Ahli Biomolekuler: Pemerintah Jangan Remehkan Varian Baru Corona B117
Baru 3.098.025 orang yang divaksinasi di Indonesia
Follow IDN Times untuk mendapatkan informasi terkini. Klik untuk follow WhatsApp Channel & Google News
Jakarta, IDN Times - Ahli biologi dan molekuler, Dr. Ines Atmosukarto mengatakan meski kasus harian COVID-19 di Indonesia mulai turun, bukan berarti pembatasan pergerakan manusia bisa mulai dilonggarkan. Ia menyarankan agar pemerintah tetap berhati-hati. Apalagi varian baru corona yaitu B117 sudah resmi masuk ke Indonesia.
Presiden Joko "Jokowi" Widodo juga pernah menyampaikan berdasarkan data yang ia miliki varian B117 tidak mematikan seperti varian Sars-CoV-2 yang kini mendominasi di Indonesia. Namun, ia mengakui varian B117 memang lebih cepat menular ke orang lain. Dalam pandangan Ines, virus yang juga lebih cepat menular justru mengkhawatirkan.
"Virus yang lebih cepat menular hingga tiga kali artinya kan akan ada tiga kali lebih banyak orang yang akan tertular. Walaupun dia tidak menyebabkan tingkat kesakitan yang lebih besar, tetapi tetap saja yang (berpotensi) masuk rumah sakit tiga kali lebih banyak, karena potensi yang tertular tiga kali lebih banyak," ujar Ines ketika berbincang dengan IDN Times di program "Ngobrol Seru" pada Senin (8/3/2021).
Ia menambahkan pada akhirnya rumah sakit akan kembali terbebani bila banyak warga di Indonesia yang terpapar mutasi baru B117. "Apalagi kan banyak warga di Indonesia yang memiliki penyakit penyerta (komorbid)," katanya lagi.
Ia pun mengajak publik agar tidak lengah meski terlihat kasus harian COVID-19 menurun.
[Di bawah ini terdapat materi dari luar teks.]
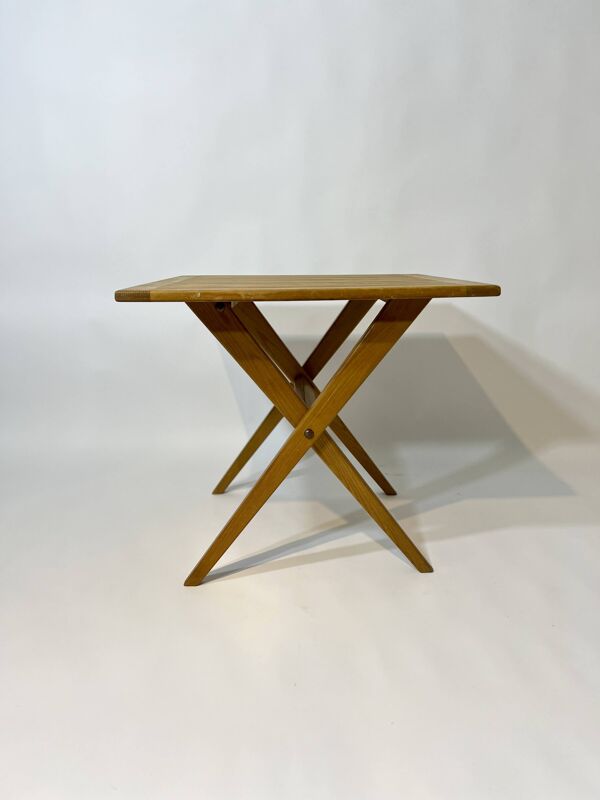 Table ciseaux pliable en bois massif design vintage année 1970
Masker tetap harus digunakan walaupun sudah menerima vaksin COVID-19.
Tetapi, apakah vaksin yang sudah masuk ke Indonesia ampuh memberikan perlindungan melawan varian baru B117?
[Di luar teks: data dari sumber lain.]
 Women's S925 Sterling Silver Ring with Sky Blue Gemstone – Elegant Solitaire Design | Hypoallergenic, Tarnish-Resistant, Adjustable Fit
Baca Juga: [BREAKING] Kemenkes Temukan Lagi 4 Kasus Mutasi Virus Corona B117
1. Efikasi vaksin CoronaVac berpotensi lebih rendah menghadapi varian baru B117
Ines mengaku belum melihat data primer yang dimiliki oleh vaksin CoronaVac terhadap varian baru B117. Namun, menurutnya tidak tertutup kemungkinan kurang efektif. Sebab, CoronaVac dibuat dengan menggunakan metode konvensional di mana virus yang dilemahkan adalah virus corona yang beredar pada awal 2020.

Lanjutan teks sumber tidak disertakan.